Missing You(95)



Now his perfect operation seemed to have hit a major snag. Looking back on it, Titus could blame only himself. He had grown lazy. It had all gone so smoothly for so long that he let down his guard. Immediately after “Kat”—he recognized her as the woman who had reached out to Ron Kochman at YouAreJustMyType .com—had contacted Ron Kochman, Titus should have closed down the profile and cut the line. He hadn’t for several reasons.
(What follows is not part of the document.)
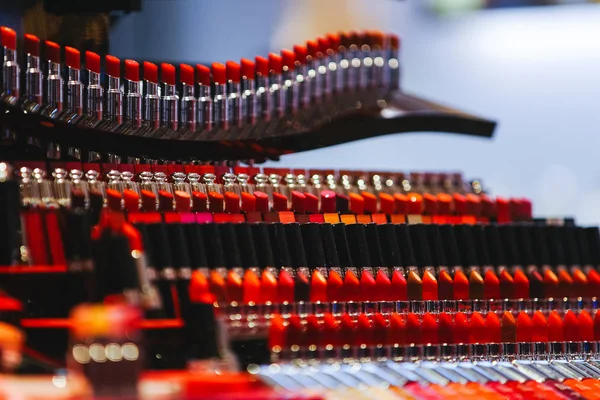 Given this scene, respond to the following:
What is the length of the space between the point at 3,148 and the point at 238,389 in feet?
9.01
The first was, he was close to nailing two other victims using that profile. It had taken a lot of work to get there. He didn’t want to lose them over what at first blush seemed to be nothing but contact with an ex. Second, he had no idea that Kat was an NYPD officer. He hadn’t bothered to check her out. He had simply assumed she was a lonely ex-girlfriend and that his “let’s not go back to the past” spiel would be the end of it. That had been incorrect. Third, Kat hadn’t called him Ron. She called him Jeff, making Titus wonder whether she had mistaken him for another guy who looked like Ron, or Ron had once been known as Jeff, therefore making it even harder to find him and an even better fake profile.
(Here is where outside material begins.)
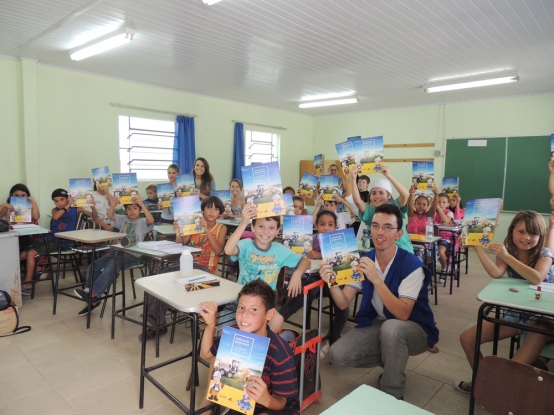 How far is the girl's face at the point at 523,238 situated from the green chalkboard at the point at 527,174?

That too had been a mistake.

Still, even if hindsight is twenty-twenty, how had Kat put it together? How, from a small communication on YouAreJustMyType, had Detective Kat Donovan found Dana Phelps and Gerard Remington and Martha Paquet?

He needed to know.

So now Titus couldn’t just kill her and be done with it. He had to grab her and make her talk to see the level of threat. He now wondered whether his perfect operation had run its course. That could be. If he learned that Kat was closing in on him or had shared the information with anyone, he would hit the DELETE button on the whole enterprise—that is, kill the rest of the targets, bury them, burn down the farmhouse, move on with the money they’d made.

But a man had to find balance too. A man could panic under these circumstances and make the mistake of being overcautious. He didn’t want to make a final decision until he knew more facts. He needed to get ahold of Kat Donovan and find out what she knew. He would have to make her disappear too. For some reason, there seemed to be this myth that if you killed someone, the law would come down on you harder. The truth was, dead people tell no tales. Missing bodies give no clues. The risk was greater, far greater, when you let your target or enemies work with impunity.

Remove them entirely and you’re always better off.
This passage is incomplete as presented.